No such effect of perioperative systemic chemotherapy was found in low-risk patients, or for intrahepatic recurrence. In low-risk patients, both previous studies found similar OS with and without systemic chemotherapy [3, 4]. The present study confirmed these findings and found no difference in OS when comparing low-risk patients with and without perioperative systemic chemotherapy. Moreover, we found that perioperative systemic chemotherapy did not improve OS because, possibly since no association on the recurrence rate and pattern in these low-risk patients (in contrast to high-risk patients) could be demonstrated (Fig. 2a, b).

The retrospective nature of this study contributed to several limitations. The administration of chemotherapy was not at random, at MSKCC most patients received perioperative chemotherapy (%) compared to a minority of patients at Erasmus MC (43.0%). The types and duration of chemotherapy regimens varied across centers and in time. However, most patients (72.3%) received oxaliplatin- or irinotecan-based regimens. Furthermore, follow-up differed between the two centers, which could have biased recurrence intervals. Moreover, baseline tumor characteristics between patients treated with and without perioperative systemic chemotherapy varied considerably in low-risk patients. Stratification of patients in low-risk and high-risk reduced bias, but residual differences in low-risk patients remained. However, for OS these differences were addressed in multivariable analysis. Secondly, the CRS does not consider new biomarkers such as the genetic alterations (e.g., in RAS and BRAF) or histopathological growth patterns [13,14,15,16,17]. A previous study demonstrated that KRAS codon 13 mutations were associated with extrahepatic recurrence-free survival (HR 2.27, 95% CI 1.29–3.97, p = 0.004) and lung recurrence-free survival (HR 2.32, 95% CI 1.12–4.78) [16]. Recently, a new clinical risk score (GAME score) was developed, which combines clinicopathological and biological indicators (such as RAS mutation status) [18]. A significant improvement of the Harrell’s C-index was found for the GAME score compared to the original CRS by Fong (0.65 vs. 0.58, p = 0.008) [18]. Mutational status was not available for our cohort unfortunately. Until mutational status will be generally available, the CRS will remain a practical classification method to determine the risk of recurrence.

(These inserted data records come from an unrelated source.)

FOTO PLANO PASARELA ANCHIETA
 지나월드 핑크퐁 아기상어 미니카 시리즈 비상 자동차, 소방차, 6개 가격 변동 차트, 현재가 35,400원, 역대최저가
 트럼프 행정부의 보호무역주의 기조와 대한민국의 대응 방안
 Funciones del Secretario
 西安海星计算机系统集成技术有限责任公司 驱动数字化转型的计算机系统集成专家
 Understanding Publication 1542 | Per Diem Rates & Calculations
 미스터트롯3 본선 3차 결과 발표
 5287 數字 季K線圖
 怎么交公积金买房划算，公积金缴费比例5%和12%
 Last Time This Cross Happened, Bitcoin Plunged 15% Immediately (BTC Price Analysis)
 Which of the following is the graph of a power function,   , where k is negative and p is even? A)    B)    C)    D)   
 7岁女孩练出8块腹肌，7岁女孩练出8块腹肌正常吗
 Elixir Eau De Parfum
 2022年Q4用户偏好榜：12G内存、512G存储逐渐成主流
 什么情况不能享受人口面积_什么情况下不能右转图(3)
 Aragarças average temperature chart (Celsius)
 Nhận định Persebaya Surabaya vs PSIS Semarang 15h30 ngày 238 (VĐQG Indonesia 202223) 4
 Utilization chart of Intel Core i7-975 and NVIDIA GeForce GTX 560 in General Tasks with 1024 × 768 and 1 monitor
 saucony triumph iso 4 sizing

Based on the present study and other smaller studies with similar findings, we recommend considering perioperative systemic chemotherapy in high-risk patients in countries (such as the Netherlands) that currently do not recommend any systemic chemotherapy after resection of CRLM. Secondly, we recommend considering withholding perioperative systemic chemotherapy in low-risk patients in countries (such as the USA) that currently recommend systemic chemotherapy after resection of CRLM for all patients.

In conclusion, we found that perioperative systemic chemotherapy had no association with intrahepatic recurrence, but was associated with fewer pulmonary recurrences and superior OS in high-risk patients only.